Stream: python-questions

Topic: speeding up a script


view this post on Zulip Jean-Francois Lamarque (Oct 26 2021 at 23:14):

Hi

I have the following script

/glade/u/home/lamar/Python/CMIP6_analysis/PM2.5/health_ssp.py that goes through a (very) long list of files (from CMIP6) and computes health impacts from PM2.5. I don't want to change the main functions GEMM and MORBIDITY, so the only speed up I can think of would be to parallelize on the files themselves. Thoughts?

view this post on Zulip Stephen Yeager (Oct 27 2021 at 16:43):

Seems like a good candidate for dask. Eliminate the for loop, perhaps write a wrapper function that reads & processes files, then have each dask worker call the function. I'm not sure how to implement this, but am interested in the solution to this problem.

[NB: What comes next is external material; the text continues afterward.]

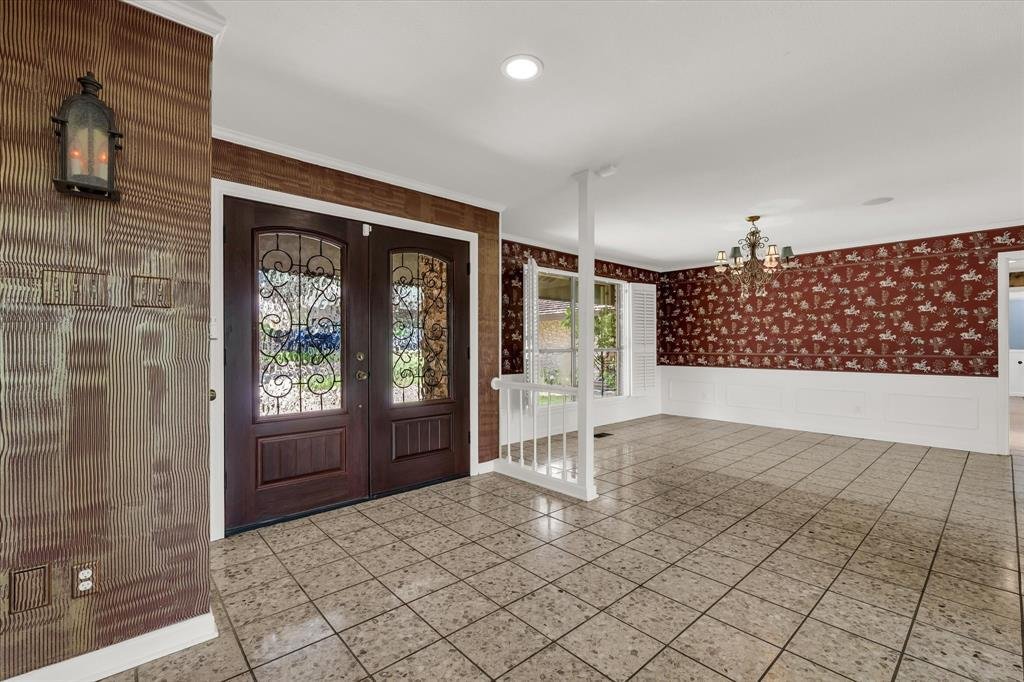 House in Waco, Texas, United States 3 - 18355261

view this post on Zulip Matt Long (Oct 27 2021 at 17:42):

A simple implementation could look something like this:

def process_one_file(file_in):
   # do the analysis here

delayed_objs = []
for f in file_list:
   delayed_objs.append(
       dask.delayed(process_one_file)(f)
  )

results = dask.compute(*delayed_objs)

You can also use a decorator:

@dask.delayed
def process_one_file(file_in):
   # do the analysis here

delayed_objs = []
for f in file_list:
   delayed_objs.append(process_one_file(f))

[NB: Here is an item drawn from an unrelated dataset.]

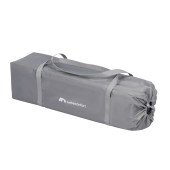 Кроватка-манеж Bebe Confort Sweet Dreams Mineral Gray Кроватка-манеж Bebe Confort Sweet Dreams Mineral Gray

results = dask.compute(*delayed_objs)

A common pitfall, see here:
https://docs.dask.org/en/latest/delayed-best-practices.html#avoid-too-many-tasks

view this post on Zulip Jean-Francois Lamarque (Nov 01 2021 at 19:12):

This is great. Do I need to specify multiple MPI tasks when requesting a cluster?

Update: I tried by setting up the number of CPUs to 8 and MPI tasks to 8. It seems to work.

view this post on Zulip Matt Long (Nov 01 2021 at 19:52):

You may want to configure a dask cluster; you can use ncar_jobqueue to do this:
https://github.com/NCAR/ncar-jobqueue


Last updated: Jan 30 2022 at 12:01 UTC